- Occupation(s): Television cinematographer, director, editor and producer
- Years active: 1976, 1988–present

= Brent Carpenter =

Brent Carpenter is an American television director, editor, cinematographer and producer.

==Career==
As an editor he worked on the television series Empty Nest, The Ben Stiller Show, Whose Line Is It Anyway?, Sessions and working on number of stand-up comedy specials starring Jay Leno, Sam Kinison, Rodney Dangerfield, Kathy Griffin, Paula Poundstone and Kevin Nealon.

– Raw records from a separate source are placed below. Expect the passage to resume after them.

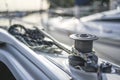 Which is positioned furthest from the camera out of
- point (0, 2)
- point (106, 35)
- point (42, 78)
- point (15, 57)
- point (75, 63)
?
point (106, 35)

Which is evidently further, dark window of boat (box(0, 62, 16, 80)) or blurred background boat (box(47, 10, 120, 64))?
blurred background boat (box(47, 10, 120, 64))

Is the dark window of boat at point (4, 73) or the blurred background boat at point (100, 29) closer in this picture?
the dark window of boat at point (4, 73)

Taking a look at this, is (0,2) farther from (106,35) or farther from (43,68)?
Result: (106,35)

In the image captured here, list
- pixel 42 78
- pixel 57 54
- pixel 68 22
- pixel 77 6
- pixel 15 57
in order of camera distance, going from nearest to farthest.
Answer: pixel 42 78 → pixel 15 57 → pixel 57 54 → pixel 68 22 → pixel 77 6

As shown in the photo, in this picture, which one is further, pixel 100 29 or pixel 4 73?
pixel 100 29

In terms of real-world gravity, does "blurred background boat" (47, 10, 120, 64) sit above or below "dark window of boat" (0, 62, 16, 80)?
below

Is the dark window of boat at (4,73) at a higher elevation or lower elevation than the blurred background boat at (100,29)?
higher

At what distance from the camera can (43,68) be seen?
192 centimetres

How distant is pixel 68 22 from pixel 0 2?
377 cm

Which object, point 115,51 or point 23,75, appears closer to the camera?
point 23,75

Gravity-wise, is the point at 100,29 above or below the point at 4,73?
below

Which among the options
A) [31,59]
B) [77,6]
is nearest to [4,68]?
[31,59]

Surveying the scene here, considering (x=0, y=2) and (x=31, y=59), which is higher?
(x=0, y=2)

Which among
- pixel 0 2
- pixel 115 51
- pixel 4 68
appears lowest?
pixel 115 51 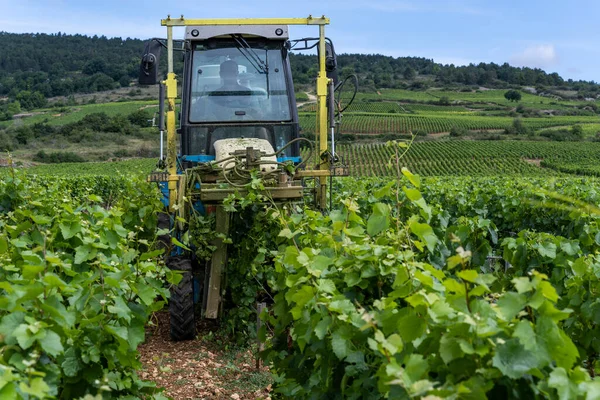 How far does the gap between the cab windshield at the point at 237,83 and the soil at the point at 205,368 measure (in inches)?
92.0

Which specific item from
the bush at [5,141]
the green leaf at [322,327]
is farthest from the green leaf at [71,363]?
the bush at [5,141]

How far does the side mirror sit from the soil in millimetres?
2495

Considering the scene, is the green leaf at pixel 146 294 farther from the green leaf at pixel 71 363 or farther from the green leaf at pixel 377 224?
the green leaf at pixel 377 224

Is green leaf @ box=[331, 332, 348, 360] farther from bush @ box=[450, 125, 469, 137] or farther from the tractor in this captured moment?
bush @ box=[450, 125, 469, 137]

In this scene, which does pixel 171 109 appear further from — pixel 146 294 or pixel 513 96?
pixel 513 96

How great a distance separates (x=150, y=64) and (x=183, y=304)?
2.46m

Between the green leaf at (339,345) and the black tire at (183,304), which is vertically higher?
the green leaf at (339,345)

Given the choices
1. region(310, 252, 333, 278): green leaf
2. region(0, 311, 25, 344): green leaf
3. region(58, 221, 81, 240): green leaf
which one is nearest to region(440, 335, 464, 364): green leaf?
region(310, 252, 333, 278): green leaf

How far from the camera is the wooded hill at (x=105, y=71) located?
103 m

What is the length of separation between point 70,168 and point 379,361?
47.8 meters

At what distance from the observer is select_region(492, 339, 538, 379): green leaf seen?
225 cm

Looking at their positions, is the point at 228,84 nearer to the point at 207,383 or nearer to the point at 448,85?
the point at 207,383

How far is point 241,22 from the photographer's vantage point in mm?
8102

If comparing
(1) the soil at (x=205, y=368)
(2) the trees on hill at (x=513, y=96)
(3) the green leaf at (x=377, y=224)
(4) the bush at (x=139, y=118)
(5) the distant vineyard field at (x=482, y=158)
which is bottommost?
(5) the distant vineyard field at (x=482, y=158) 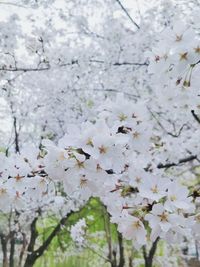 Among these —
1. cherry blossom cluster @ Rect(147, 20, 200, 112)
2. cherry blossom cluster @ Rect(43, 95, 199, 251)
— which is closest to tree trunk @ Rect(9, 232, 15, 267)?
cherry blossom cluster @ Rect(43, 95, 199, 251)

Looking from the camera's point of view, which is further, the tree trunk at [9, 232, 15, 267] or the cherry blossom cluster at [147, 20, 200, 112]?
the tree trunk at [9, 232, 15, 267]

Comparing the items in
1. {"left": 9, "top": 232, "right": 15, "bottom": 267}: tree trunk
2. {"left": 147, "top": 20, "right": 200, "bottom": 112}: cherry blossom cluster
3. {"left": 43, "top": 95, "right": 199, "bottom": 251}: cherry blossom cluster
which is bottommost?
{"left": 43, "top": 95, "right": 199, "bottom": 251}: cherry blossom cluster

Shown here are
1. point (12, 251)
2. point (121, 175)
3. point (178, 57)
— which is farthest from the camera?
point (12, 251)

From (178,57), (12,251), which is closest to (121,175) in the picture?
(178,57)

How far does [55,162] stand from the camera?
1.76 m

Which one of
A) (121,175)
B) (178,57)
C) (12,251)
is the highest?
(12,251)

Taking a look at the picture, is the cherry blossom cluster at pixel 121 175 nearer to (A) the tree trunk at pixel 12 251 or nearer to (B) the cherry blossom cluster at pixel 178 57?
(B) the cherry blossom cluster at pixel 178 57

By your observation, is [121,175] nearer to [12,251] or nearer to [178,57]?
[178,57]

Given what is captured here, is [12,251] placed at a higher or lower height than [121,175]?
higher

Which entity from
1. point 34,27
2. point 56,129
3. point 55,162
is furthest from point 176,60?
point 56,129

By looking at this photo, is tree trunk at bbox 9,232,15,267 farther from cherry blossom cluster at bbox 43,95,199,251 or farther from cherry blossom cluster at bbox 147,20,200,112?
cherry blossom cluster at bbox 147,20,200,112

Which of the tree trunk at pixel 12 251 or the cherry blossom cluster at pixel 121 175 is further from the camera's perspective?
the tree trunk at pixel 12 251

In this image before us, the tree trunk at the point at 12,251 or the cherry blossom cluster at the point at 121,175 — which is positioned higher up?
the tree trunk at the point at 12,251

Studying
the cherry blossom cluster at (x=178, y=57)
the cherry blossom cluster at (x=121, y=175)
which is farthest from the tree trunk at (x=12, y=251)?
the cherry blossom cluster at (x=178, y=57) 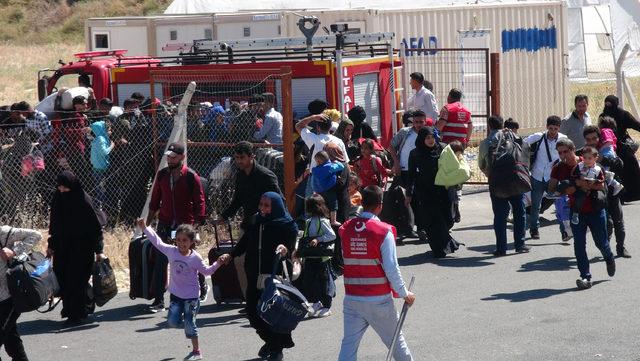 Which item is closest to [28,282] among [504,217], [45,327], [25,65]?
[45,327]

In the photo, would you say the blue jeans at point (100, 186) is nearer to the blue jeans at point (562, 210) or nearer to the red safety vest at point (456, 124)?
the red safety vest at point (456, 124)

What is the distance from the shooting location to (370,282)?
7.33m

His directing credits include sitcoms The Larry Sanders Show, Caroline in the City, Greg the Bunny, Oliver Beene, True Jackson, VP, Crash & Bernstein. He's directed a number of live television specials which include all of the Ringo Starr and His All-Starr Band tours since 2003, a number of Comedy Central specials, The Grammy Pre Telecast and several PBS music specials. In 1976, he appeared as an extra in the film A Star Is Born before pursuing a behind the camera career.

In 1997, Carpenter received a Grammy nomination as producer and Primetime Emmy nomination for editing the Great Performances episode "Robert Altman's Jazz '34" nominated with Dylan Tichenor. As well as directing music videos for Ringo Starr, Aerosmith, Ozzy Osbourne, Emmylou Harris, Neil Young and Cledus T. Judd.